- [What the task requires]: Word for word, retype the lines from the one containing "户外不锈钢新能源水电桩 7KW双枪营地一体化充电供水桩" to the one containing "nyatasha nyanners, masterpiece, best" below, keeping both end lines and dropping the pictures.

- [Study material]:
^^^^
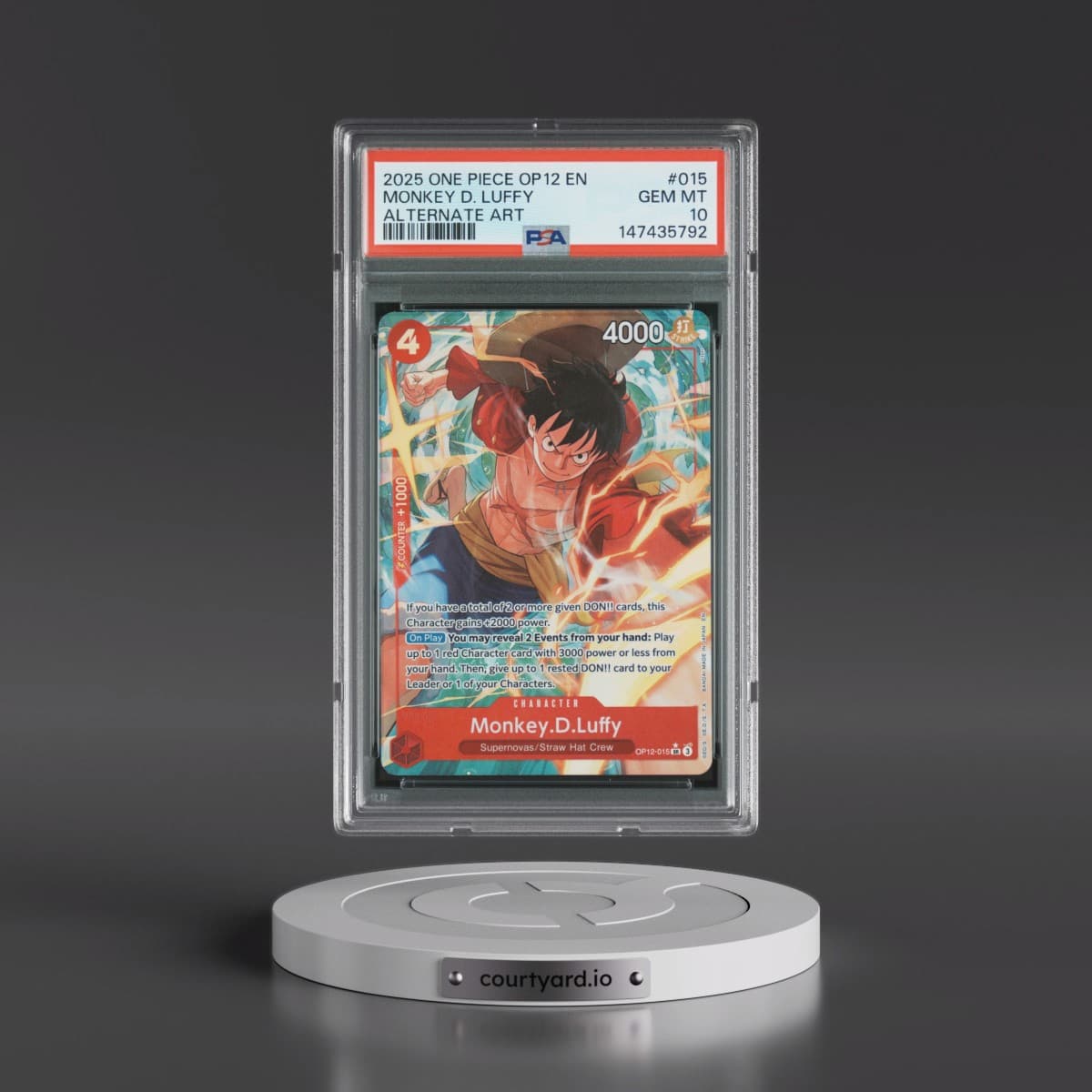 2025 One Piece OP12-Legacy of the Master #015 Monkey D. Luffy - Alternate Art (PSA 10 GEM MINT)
^^^^
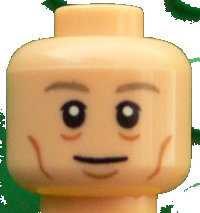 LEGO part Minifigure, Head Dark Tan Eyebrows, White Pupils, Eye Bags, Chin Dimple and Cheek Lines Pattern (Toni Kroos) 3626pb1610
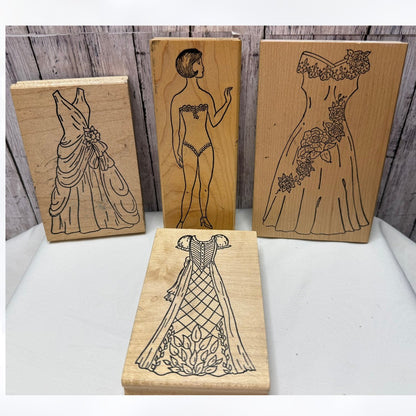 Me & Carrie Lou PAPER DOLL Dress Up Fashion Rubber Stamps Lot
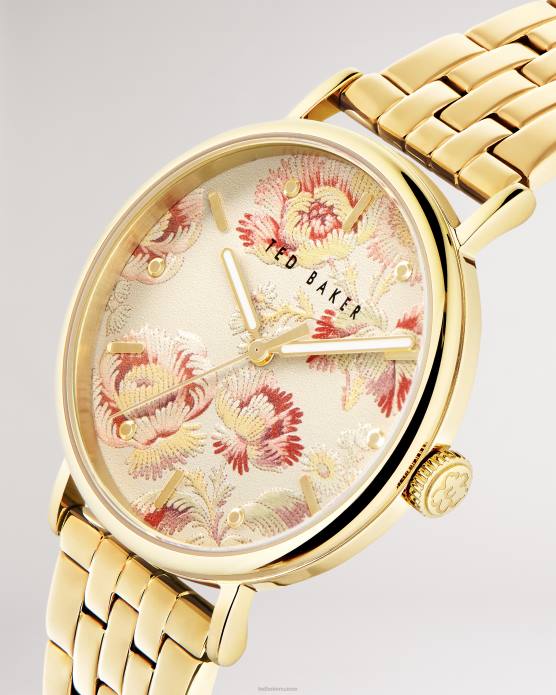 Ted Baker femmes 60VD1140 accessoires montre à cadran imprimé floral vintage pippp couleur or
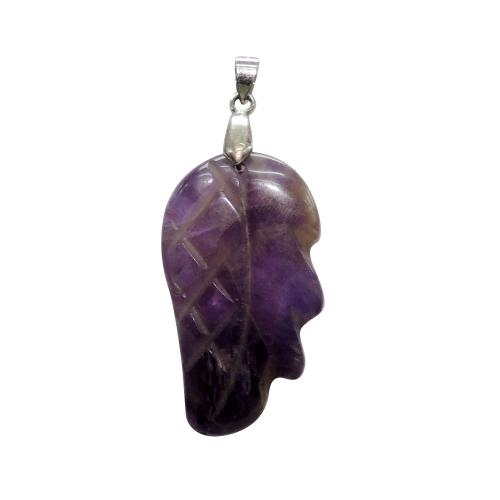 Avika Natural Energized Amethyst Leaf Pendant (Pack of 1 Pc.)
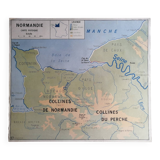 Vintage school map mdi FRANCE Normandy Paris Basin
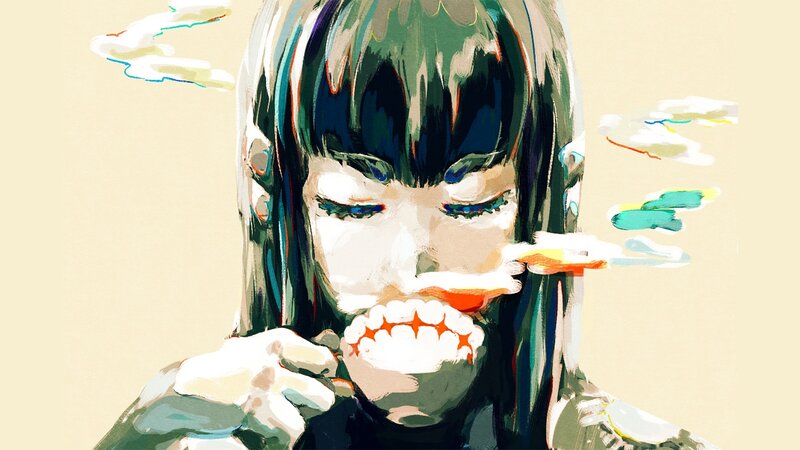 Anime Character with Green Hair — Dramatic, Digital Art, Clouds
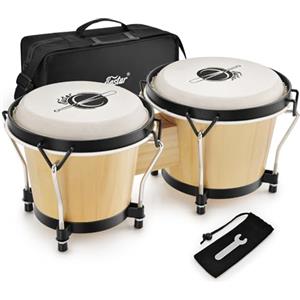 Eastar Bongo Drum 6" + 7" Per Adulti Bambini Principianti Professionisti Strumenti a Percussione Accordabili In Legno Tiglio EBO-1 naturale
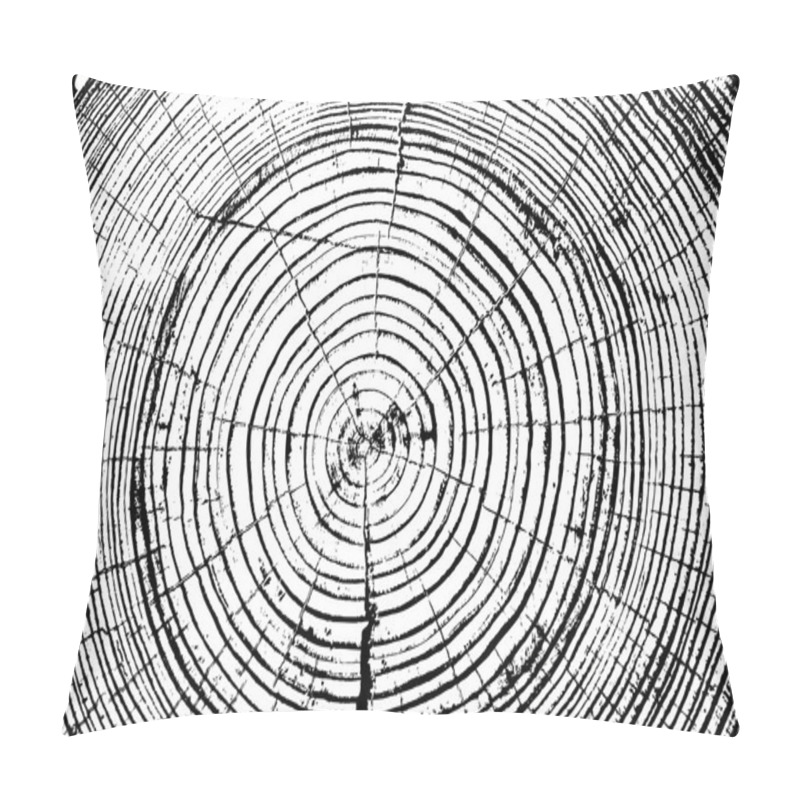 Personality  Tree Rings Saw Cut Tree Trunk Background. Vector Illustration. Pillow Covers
^^^^
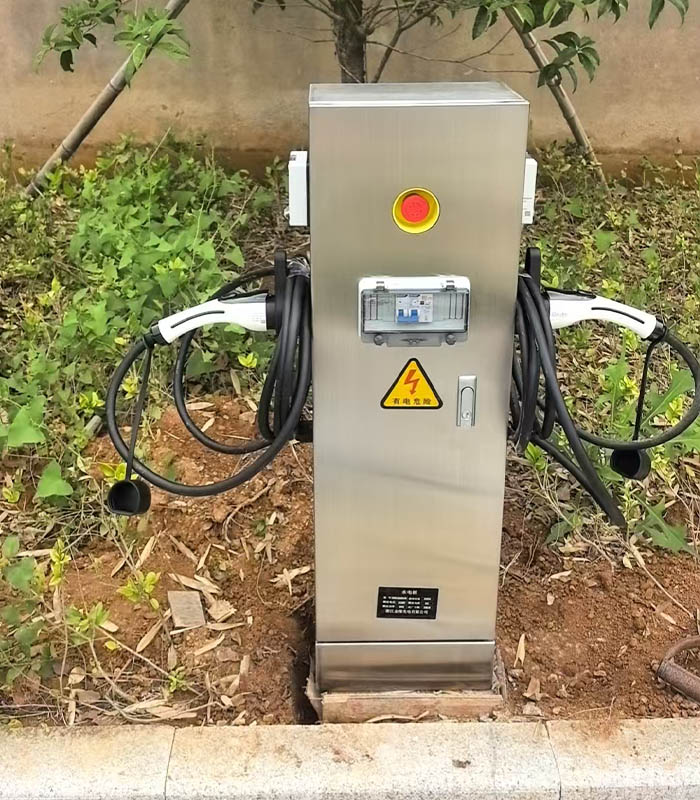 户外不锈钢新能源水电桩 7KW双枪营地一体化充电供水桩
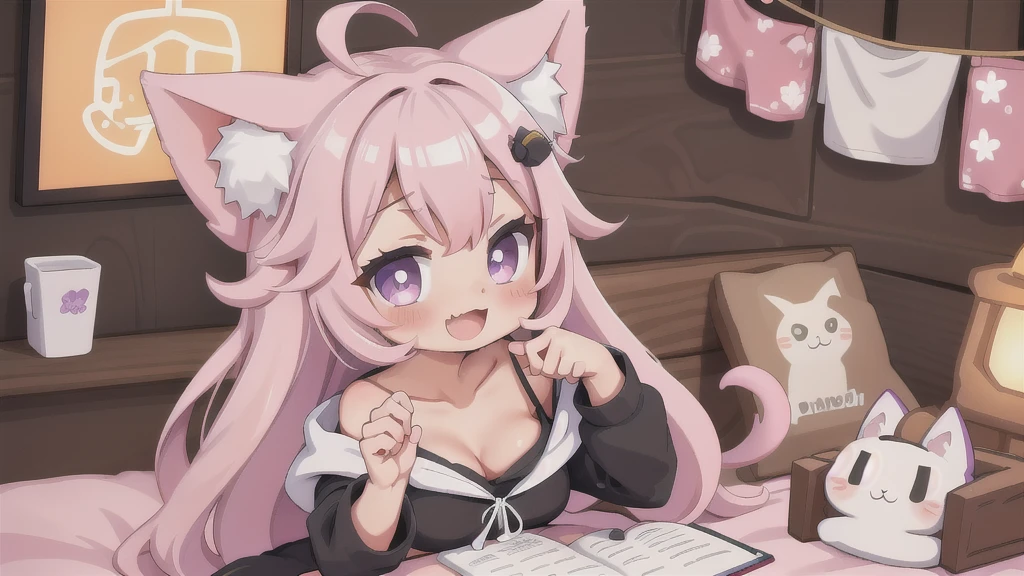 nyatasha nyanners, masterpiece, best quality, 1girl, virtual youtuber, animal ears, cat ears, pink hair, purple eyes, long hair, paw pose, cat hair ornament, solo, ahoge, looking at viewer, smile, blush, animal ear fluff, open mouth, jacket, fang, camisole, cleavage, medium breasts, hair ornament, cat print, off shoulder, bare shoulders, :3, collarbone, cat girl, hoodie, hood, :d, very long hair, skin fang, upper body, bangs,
^^^^
- [Response box]:
 户外不锈钢新能源水电桩 7KW双枪营地一体化充电供水桩
 nyatasha nyanners, masterpiece, best quality, 1girl, virtual youtuber, animal ears, cat ears, pink hair, purple eyes, long hair, paw pose, cat hair ornament, solo, ahoge, looking at viewer, smile, blush, animal ear fluff, open mouth, jacket, fang, camisole, cleavage, medium breasts, hair ornament, cat print, off shoulder, bare shoulders, :3, collarbone, cat girl, hoodie, hood, :d, very long hair, skin fang, upper body, bangs,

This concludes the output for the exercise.